--- START ---
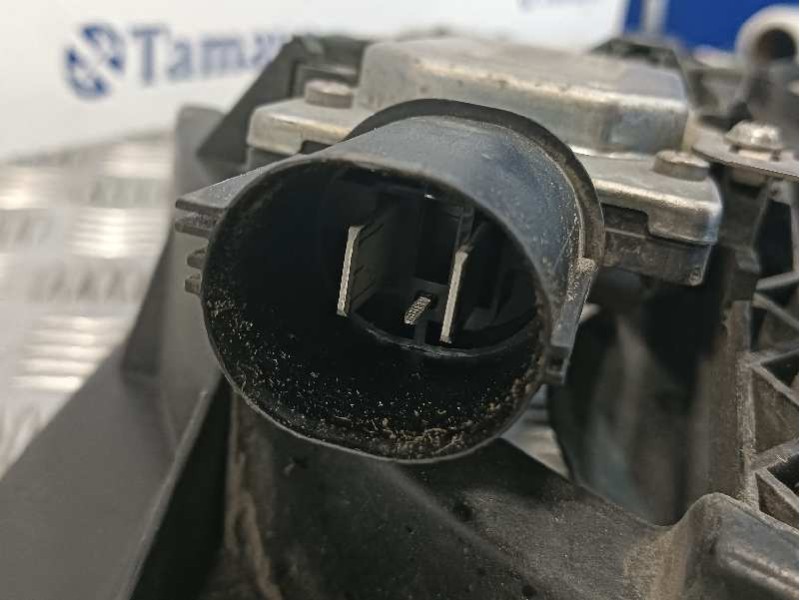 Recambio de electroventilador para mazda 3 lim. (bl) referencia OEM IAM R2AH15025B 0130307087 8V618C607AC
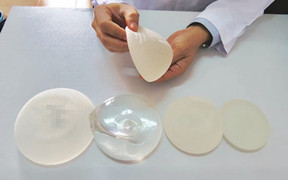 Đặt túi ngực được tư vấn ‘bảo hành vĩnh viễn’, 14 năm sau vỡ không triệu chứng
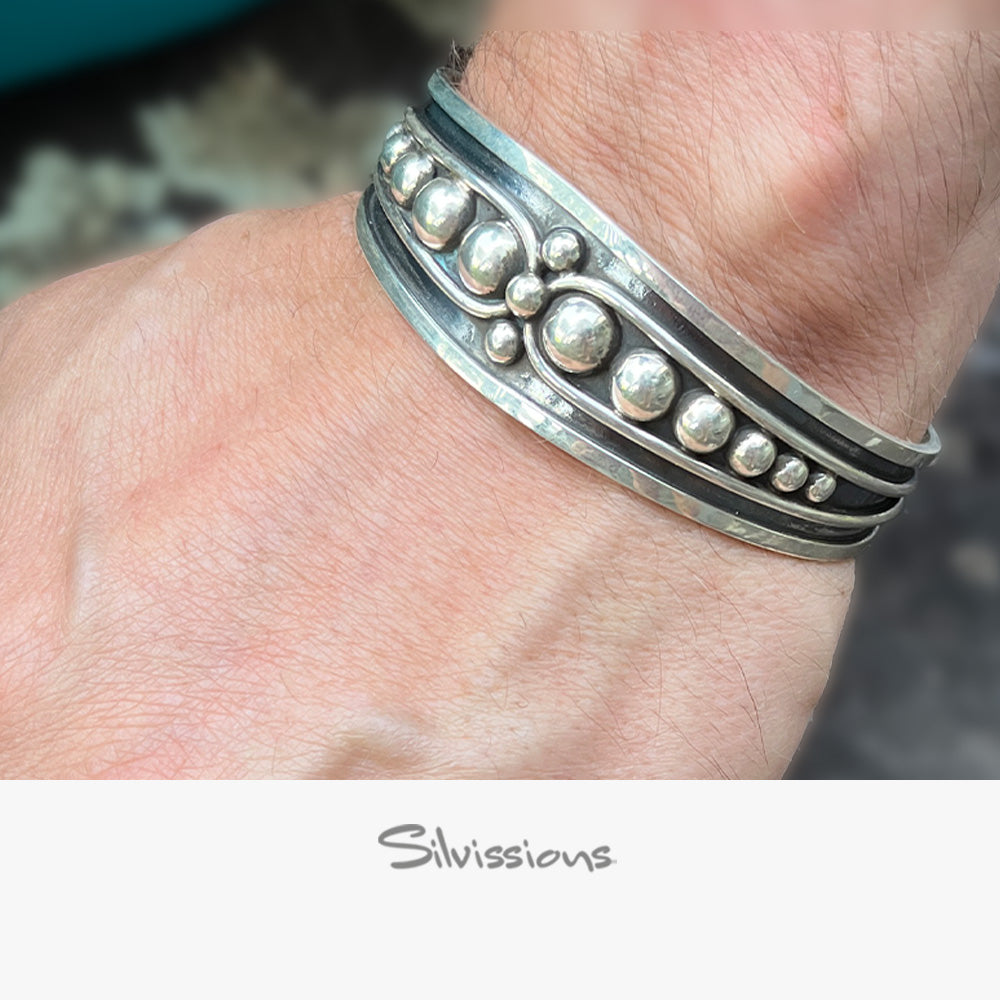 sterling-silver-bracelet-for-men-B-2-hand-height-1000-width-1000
--- END ---
* [Exercise aim] Retype the listing above exactly. Pictures are not part of the copy.

* [Answer to the problem]
 Recambio de electroventilador para mazda 3 lim. (bl) referencia OEM IAM R2AH15025B 0130307087 8V618C607AC
 Đặt túi ngực được tư vấn ‘bảo hành vĩnh viễn’, 14 năm sau vỡ không triệu chứng
 sterling-silver-bracelet-for-men-B-2-hand-height-1000-width-1000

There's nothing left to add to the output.